売り出し中の不動産における宣伝文句は、通常その物件の売却活動を行う担当者が考案し、決定しています。
しかし、担当者には複数の物件を担当している方も多く、あまり魅力的な宣伝文句が付いてないことも考えられます。
そのような場合は、事実を担当者に伝え、売主が協力して魅力的なフレーズを再び考えることが大切です。
ターゲットの再確認も重要
すでに売り出している物件の宣伝文句を変えるのであれば、ターゲットの再確認も必ず行いましょう。
例えば、駅チカという大きな魅力を持っているにも関わらず、ファミリー向けという部分を全面に押し出しているような宣伝文句になっている場合は、少しもったいないと言えます。
なぜなら、駅チカということをもっとアピールしないと、ターゲットは駅チカ希望のファミリー層から、ただのファミリー層へと広がってしまうからです。
また、不動産を売り出すエリアの特徴に合わせて、ターゲットを絞り込むという作業も重要です。
例えば、1人暮らしの方が多いエリアで、ファミリー層に猛アピールするのは効率が悪いです。
上記のような作業を行っていくことで、絞るべきターゲットはおのずと限定されてきます。
ライバル物件の宣伝文句もチェックしよう
どれほど担当者と協力し、時間をかけて考案したフレーズであっても、ライバル物件と内容が被っていては、伝えられる魅力は半減してしまいます。
そのため、いざ掲載する前に、条件が似ている物件の宣伝文句はチェックしておきましょう。
ただし、被らないように注意するとはいっても、不動産の宣伝文句は一般的に1行あるいは2行であるため、完全な差別化を図るのは難しいかもしれません。

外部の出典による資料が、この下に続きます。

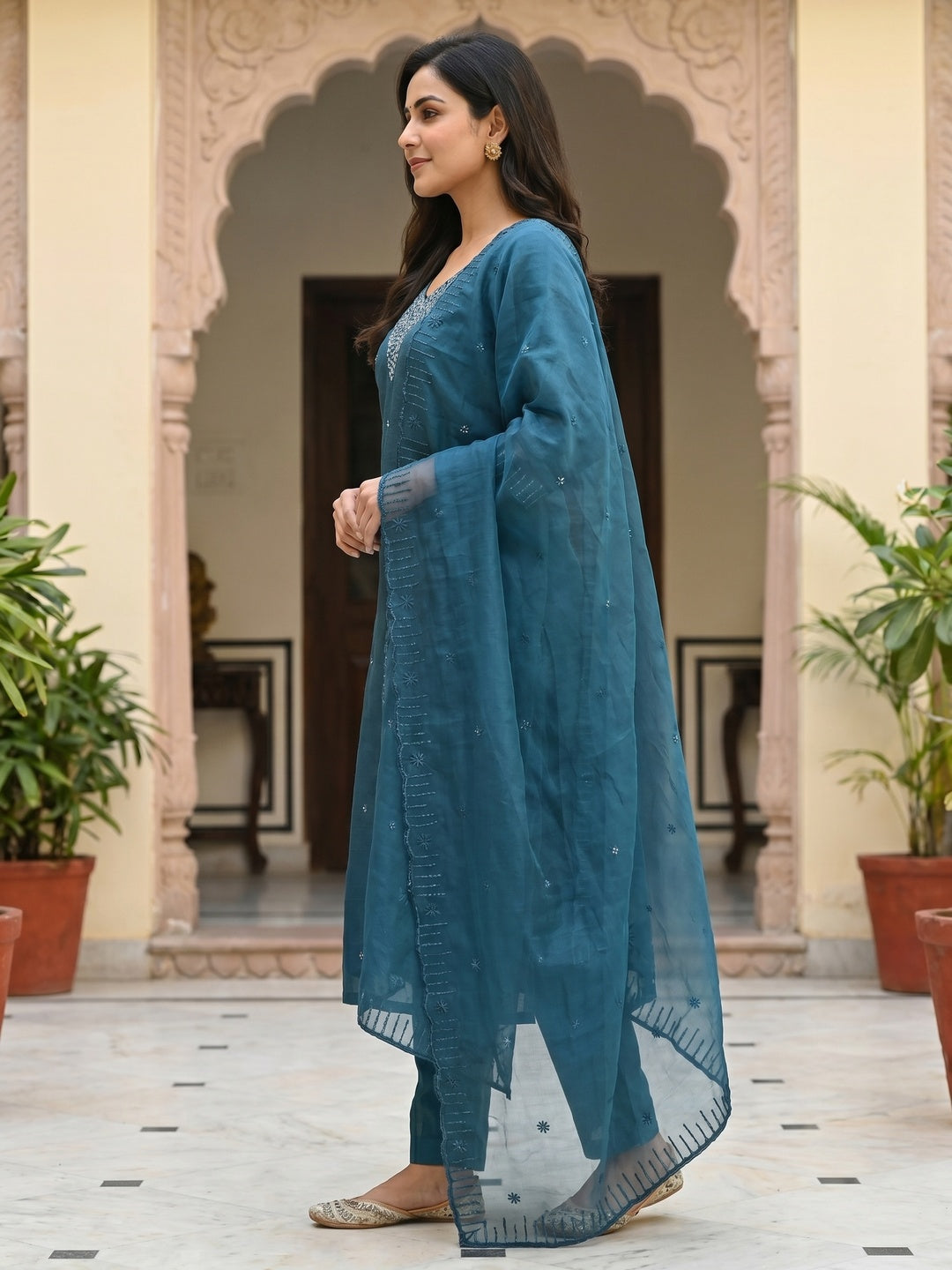 Teal Sequins Embroidered Art Silk Dress Material - Image 2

もし差別化がうまく図れないのであれば、思い切って3行に分けてみたり、独特の言い回しをしてみたりと、ターゲットの目に留まりやすい内容にすることを心掛けましょう。
宣伝文句を付けるときの注意点
不動産に付ける宣伝文句は、どのような表現を用いても良いわけではありません。
中には、使用してはいけない言葉もあります。
詳しくすべての規制について解説すると長くなってしまうため、ここからは“不動産の表示に関する公正競争規約”において、禁止されている表現を見ていきましょう。
・他社や他の物件よりも優位に立つことを意味する言葉
例:抜群、日本一、日本初、業界一、当社だけ など(他社の実績、エリア全体の取引実績等を客観的な調査手法で実証していれば使用OK)
・一定の基準により選別されたことを意味する言葉
例:特選、厳選など(実際に一定の基準により選別されたことを示していればOK)
・全く欠けるところがないことを意味する言葉
例:絶対、万全、完全、完璧 など
・著しく人気が高く、売れ行きが良いという印象を与える言葉
例:完売など
・最上級を意味する言葉
例:最高、最高級、極、特級 など
・著しく安いという印象を与える言葉
例:お買い得、掘り出し物、破格、格安、激安 など
まとめ
開業医を引退後、初めて不動産を売り出す方の中には、「物件の状態が良ければ、自然と買い手は付く」と考えている方もいるかと思います。
しかし、その考えは決して正しいとは言えません。
もちろん、状態が良ければ買い手が付きやすいのは確かですが、特にライバル物件が多いエリアの場合、より良い宣伝文句を付けなければ、いつまでも取り残されてしまうことも考えられます。